The sector minister further suggested that allocations will be made to this end in the forthcoming budget, as hitherto activities of cybersecurity institutions have largely been funded through resources solicited from stakeholder agencies, particularly the National Communications Authority.
She made these remarks at a workshop on the implications and roles of cybersecurity stakeholders, where the Acting Director-General of the Authority, Dr. Albert Antwi-Boasiako, called for dedicated funding to address rising domestic cybersecurity challenges.
“The law itself enjoins the Authority to set up a Cybersecurity Fund and has designated the areas we should look at, so we are working with the Ministry of Finance to ensure that it is set up.
“Since 2017, we have been soliciting funds from other agencies, particularly the NCA, to support their activities.

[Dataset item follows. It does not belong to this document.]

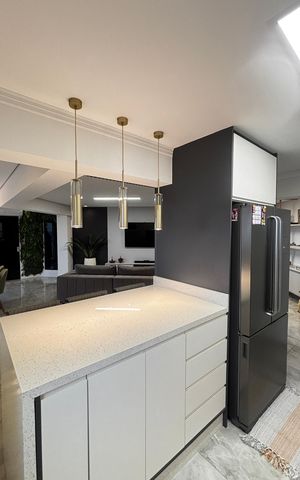 Apartamento à venda com 160m², 3 quartos e 3 vagas Apartamento à venda com 160m², 3 quartos e 3 vagasCozinha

But now that they have been set up as an Authority and launched, we need to make budgetary provision for them; and I know for a fact that the next budget will provide significantly for infrastructure and governance needs of the Authority,” she explained.
According to the Cybersecurity Act 2020, sources of money for the Fund will include seed money approved by Parliament; money which may become lawfully payable to the Authority for the Fund; grants, gifts, donations and other voluntary contributions; a charge determined by the Authority; a proportion of the fees charged on all government
e-services determined by the Authority, as well as levies approved by Parliament for the Fund.
Mrs. Owusu-Ekuful added that the industry’s overarching importance to the state and businesses requires the private sector to take upon itself a proactive role.
The Cybersecurity watchdog has designated some 189 institutions across 13 sectors in finance, energy and health, among others, as Critical Information Infrastructures (CII), owing to the crucial role they play in the wider economy.
These institutions will be subjected to baseline audits to ascertain their level of preparedness for cyberattacks and be brought up to the minimum required standard, where lacking, Mrs. Owusu-Ekuful stated.
In a similar vein, Dr. Antwi-Bossiako said his outfit will play an active role in sensitising owners of these institutions to the risks and benefits of adhering to directives issued by the regulator.
“We will engage with those designated as such, explain the rationale and process, and register them; following that, the Authority will support implementation of the Directive issued by the minister.
The workshop brought together stakeholders, particularly professionals, who were tasked to initiate a forum that will ensure standards are achieved and maintained in the domestic cybersecurity space.